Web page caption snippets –

== Segment start ==

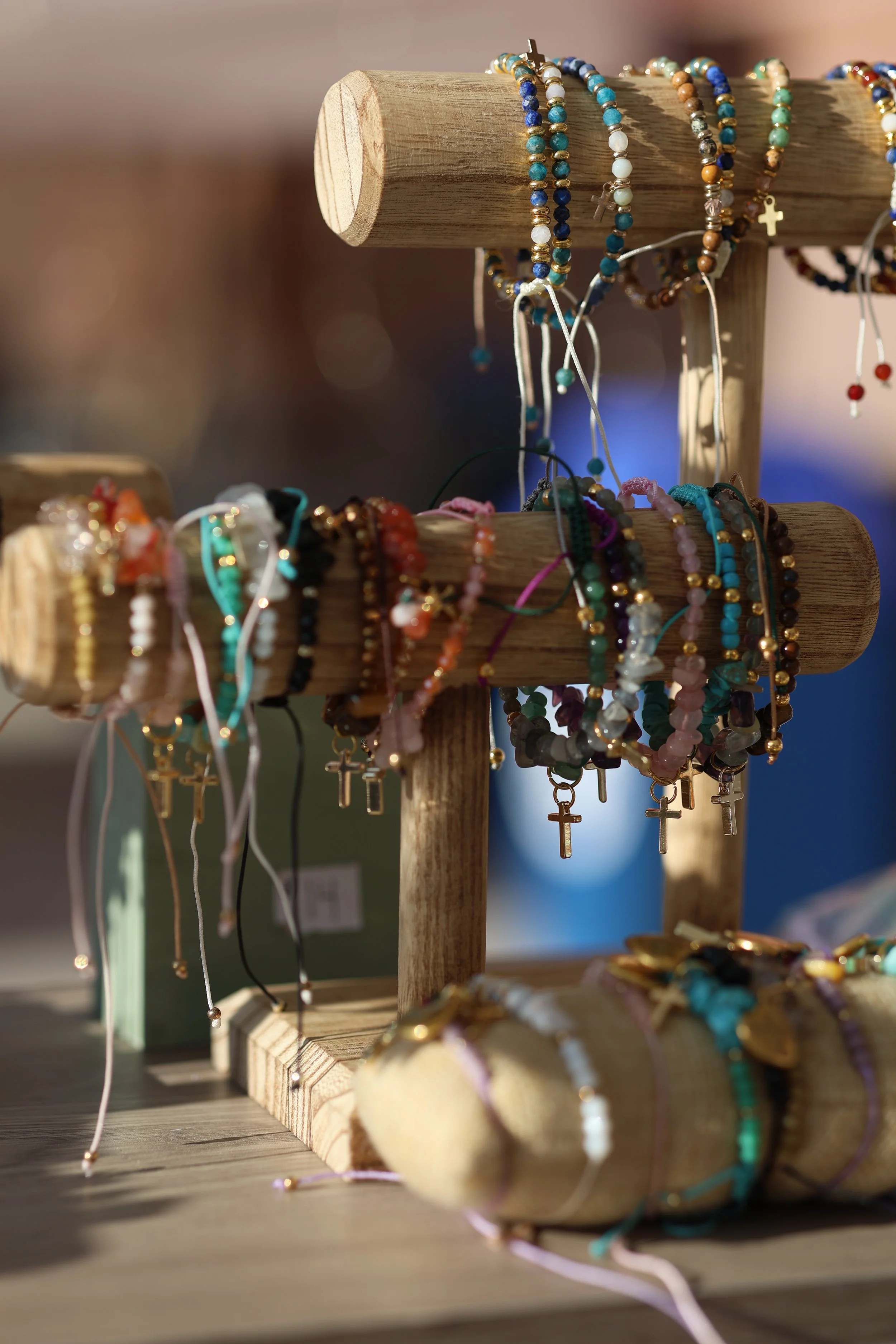 Display of colorful beaded bracelets with cross charms on wooden stands at a craft market.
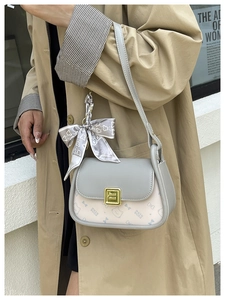 Fashionable crossbody bag with bow prints and metal clasp shown on beige trench coat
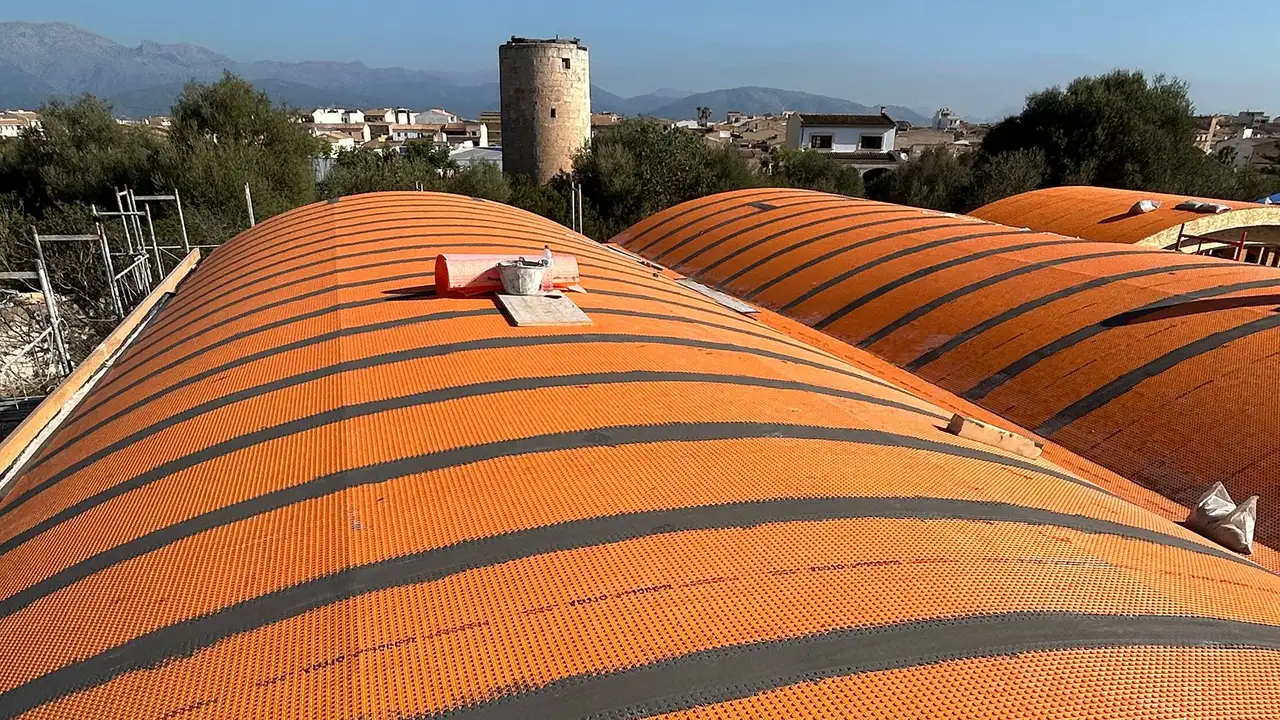 Dois trabalhadores instalam a membrana de desacoplamento laranja DITRA sobre os telhados curvos da creche em Muro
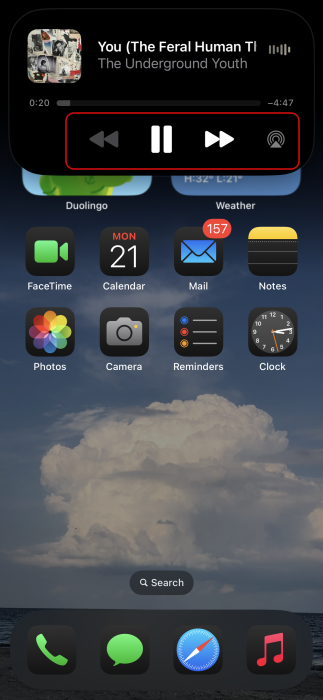 Music controls visible via Dynamic Island on iPhone. 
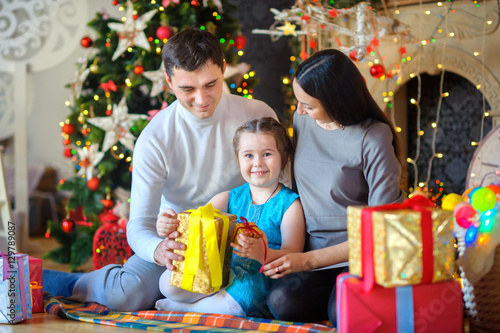 happy family opens gifts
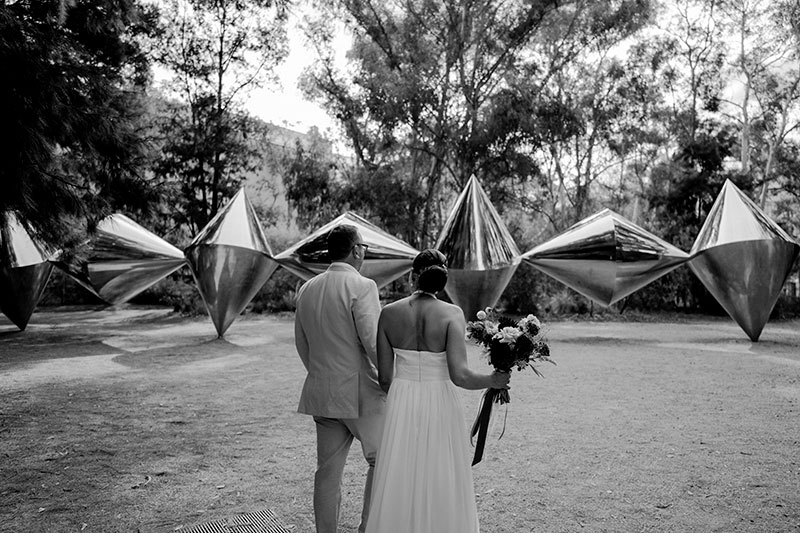 Mayumi + Sam facing a sculpture at the National Gallery of Australia.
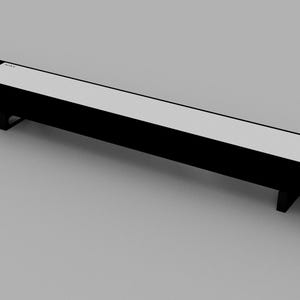 May include: A long, black rectangular shelf with a white top. The shelf is supported by two metal legs on each end.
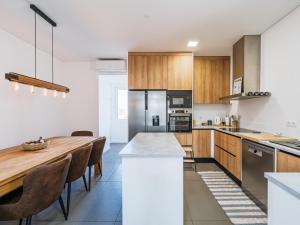 a kitchen with a wooden table and a dining room at Casa Mar in Cortegaça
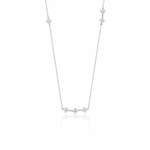 white gold clover station necklace on white background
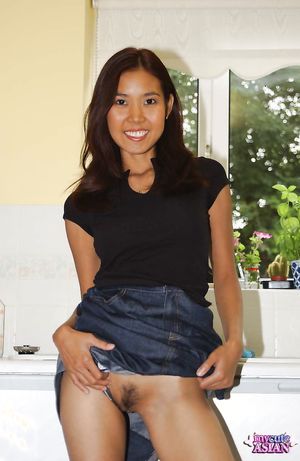Long haired Asian Amateur spreads her wet pussy in her kitchen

== Segment end ==

Task item – Copy out only the lines beginning at the line with "Mayumi + Sam" and ending at the last line of the entries. Keep them exact; drop pictures.

Result for this task –
 Mayumi + Sam facing a sculpture at the National Gallery of Australia.
 May include: A long, black rectangular shelf with a white top. The shelf is supported by two metal legs on each end.
 a kitchen with a wooden table and a dining room at Casa Mar in Cortegaça
 white gold clover station necklace on white background
Long haired Asian Amateur spreads her wet pussy in her kitchen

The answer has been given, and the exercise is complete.